介護保険改定で『介護情報Q&A』(岩波ブックレットNo.700、700円+税)が出版されました。

介護保険法は2000年4月、「介護の社会化」を掲げ、社会的入院の解消や介護家族の負担軽減を目的にスタートし、国民生活に定着しつつある制度です。

 しかし、2006年4月に実施されたはじめての改正では、このまま利用が伸びると制度の持続性が危ういという理由から、軽度の介護を必要とする人たちへのサービスの制限や施設サービスの利用者の負担の増加などの「給付の抑制」がおこなわれました。

 介護保険はそもそもサービスの種類が多く、利用方法もわかりづらい制度ですが、改正により、複雑な内容でさらにわかりにくくなりました。

 岩波ブックレットでは、2003年から続けてきた介護保険法の見直しをめぐる社会保障審議会の各部会や検討会の傍聴を行い、それをもとに、介護保険の基本的なしくみや介護保険料、サービスの種類と費用、困りごとの解決方法、関連情報などを65の用語にわけ、利用する市民の立場からわかりやすい説明にしています。図表を多く載せ、相談できる市民活動グループや情報収集ができるいろいろな機関を掲載し、さらに理解を深めるための関連書籍などを案内しています。

 介護保険サービスの苦情解決機関である都道府県国民健康保険団体連合の相談窓口、相談方法もまとめたリストも巻末についています。

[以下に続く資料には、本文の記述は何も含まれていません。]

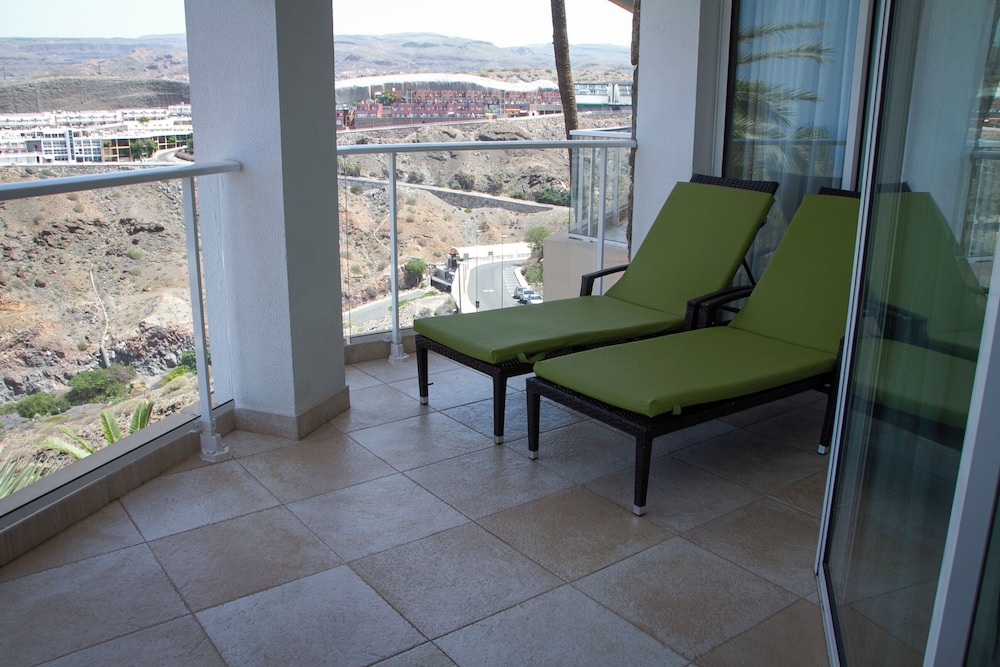 Holiday Club Vista Amadores — Hotel rooms in Puerto Rico, Canary Islands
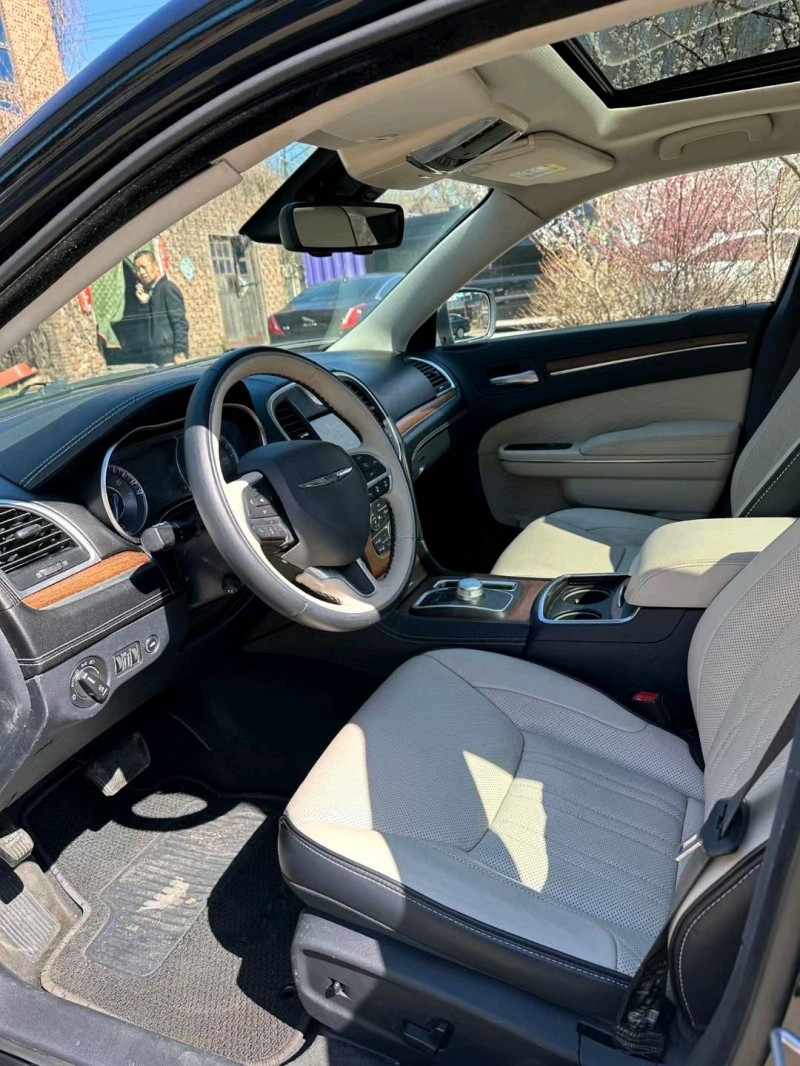 沈阳17年克莱斯勒300C5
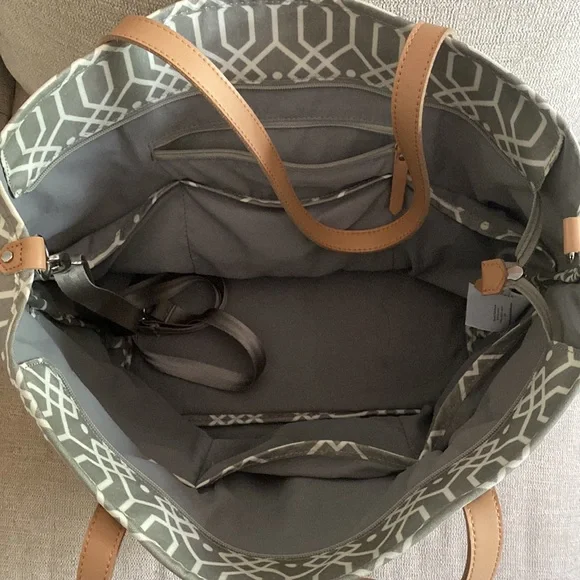 Petunia Pickle Bottom Diaper Bag - Picture 3 of 5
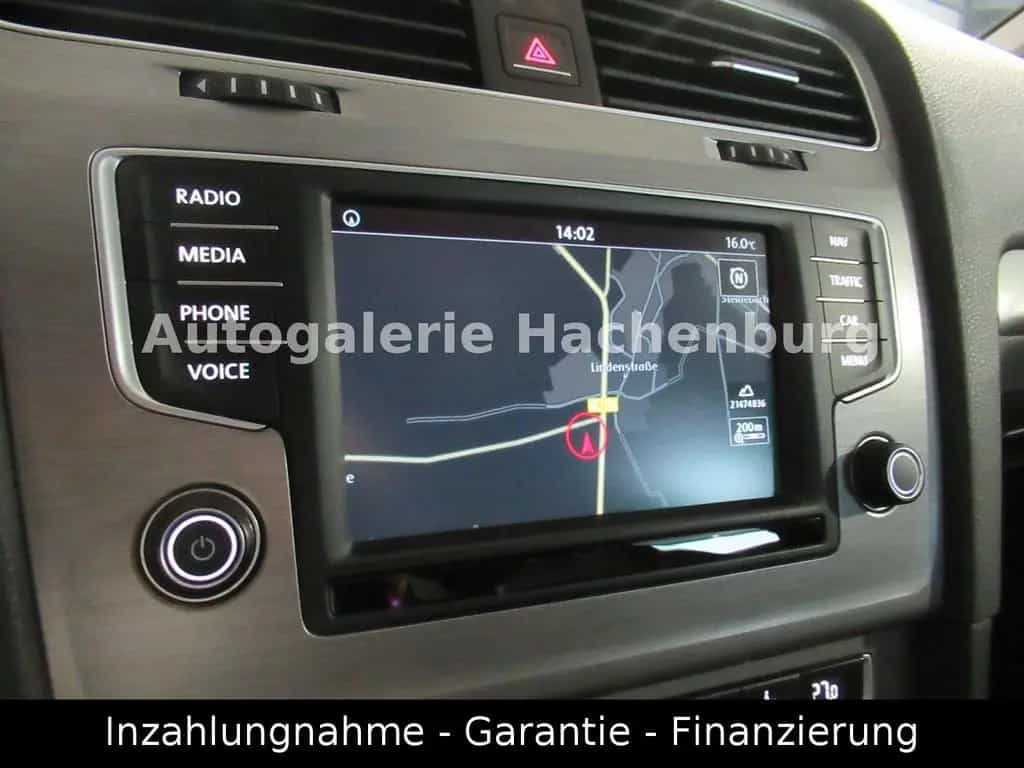 Volkswagen Golf VII Lim. Comfortline BMT/TOP Ausstattung/E6 12/2015-photo-11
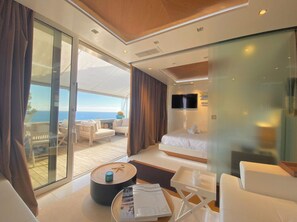 Yacht in the Sky | Bathroom | Combined shower/bathtub, free toiletries, hair dryer, towels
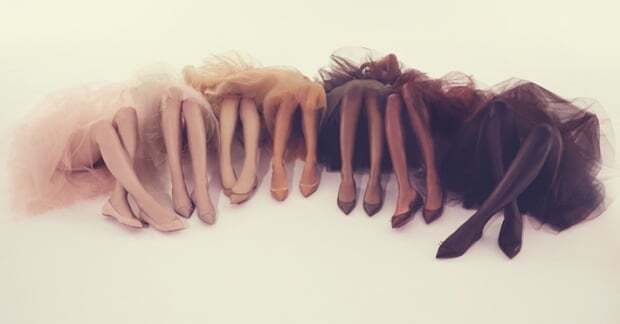Кристиан Лубутен создал коллекцию балеток под любой цвет кожи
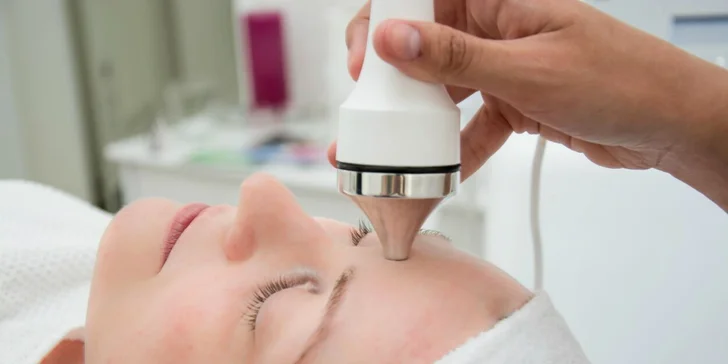 Neivazívny lifting, mikrodermabrázia, kyselina hyalúronová a mezoterapia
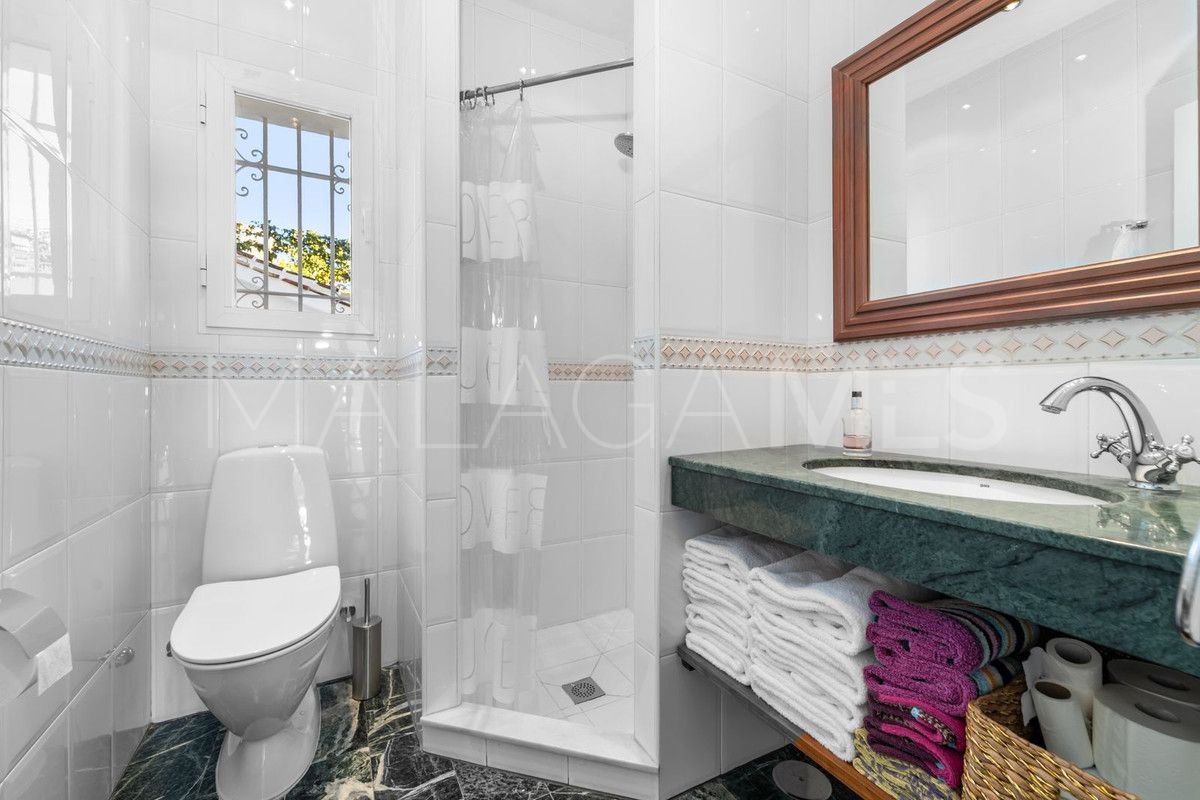 Villa for sale in Benalmadena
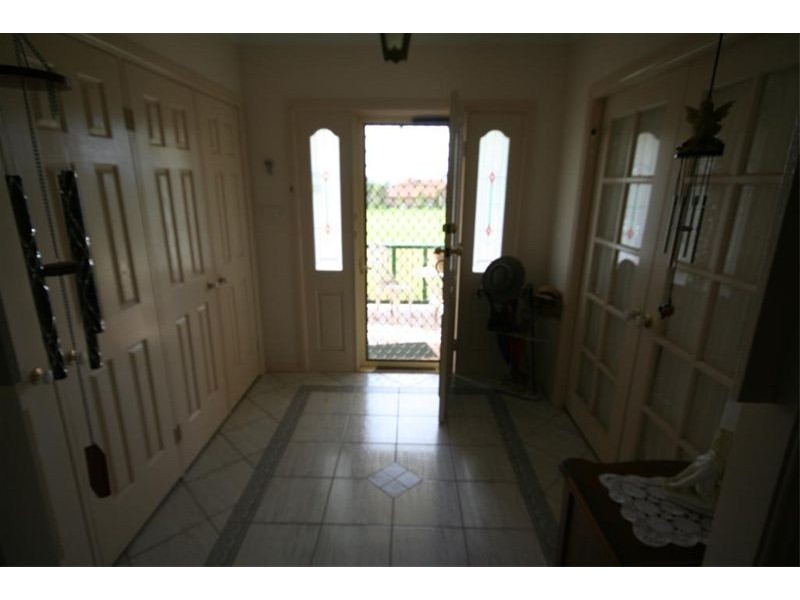 6 Walter Parade, Black Hill NSW 2322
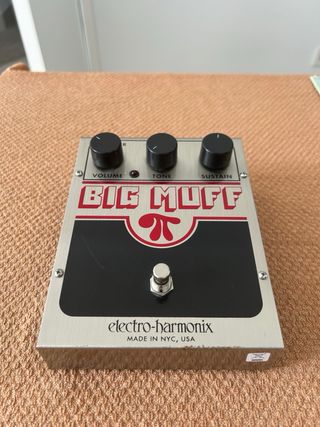 Electro-Harmonix Big Muff - muy poco uso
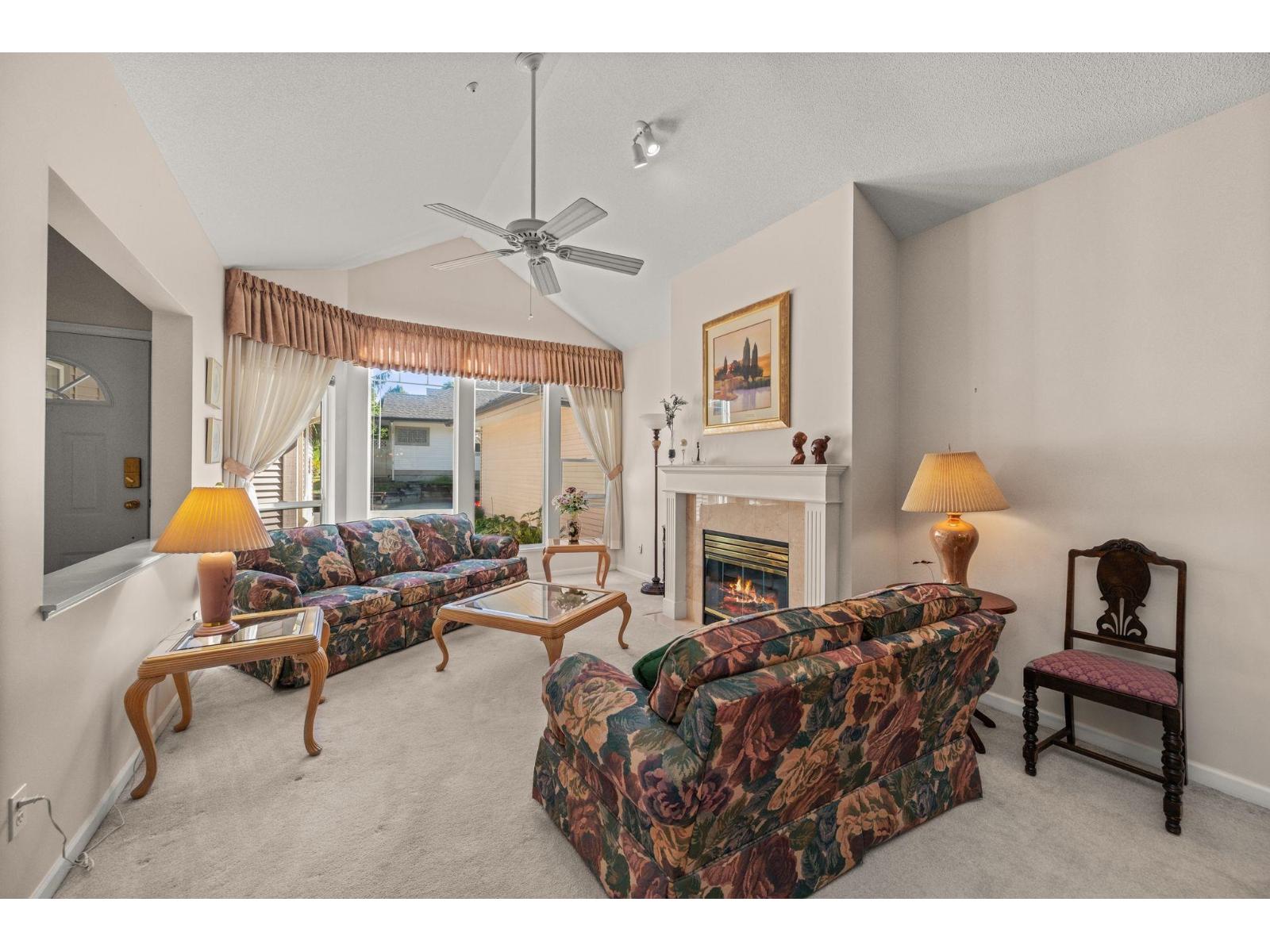 63 9025 216 STREET, Langley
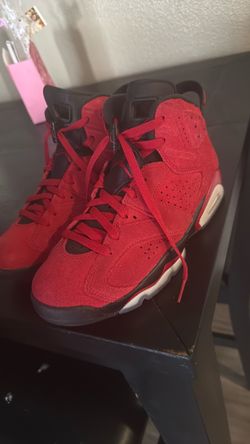 Size 8 men’s Jordan’s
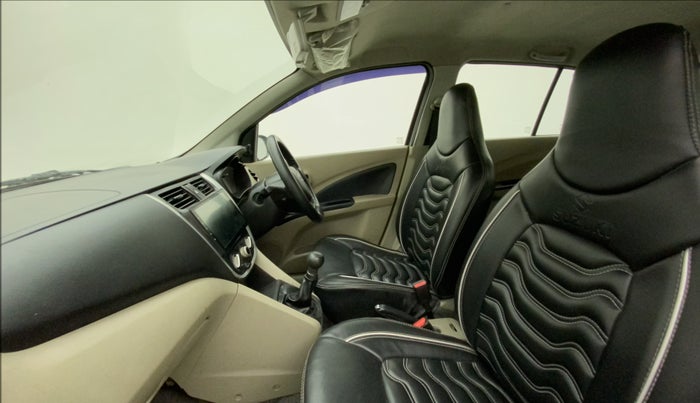 2017 Maruti Celerio VXI CNG, CNG, Manual, 1,17,957 km, Right Side Front Door Cabin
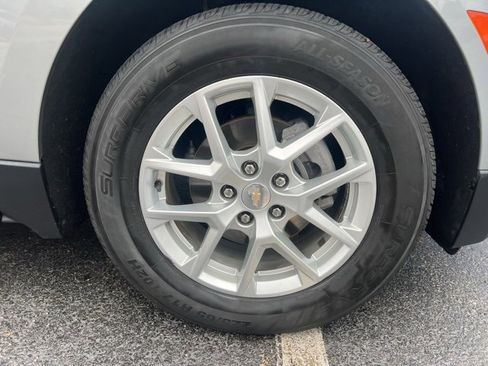 Used 2023 Chevrolet Equinox LT image 41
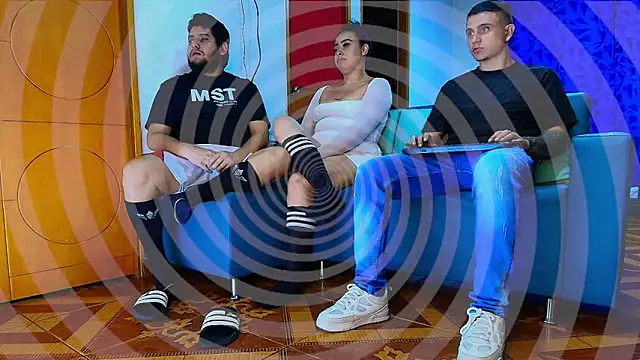 Alphacashmaster777 online show from November 2025 07:11:02 AM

 今後、おこなわれる予定の介護保険料の見直し、「介護予防」(介護予防事業、介護予防サービス)の評価と検証などのスケジュールも入っています。

 今年度は都道府県で「介護給付費適正化計画」策定が進められ、サービスを利用する高齢者や介護者、介護の現場で働く人たちへの「抑制」がさらに強まることが予想されます。もっと他のことに抑制をして欲しいですね。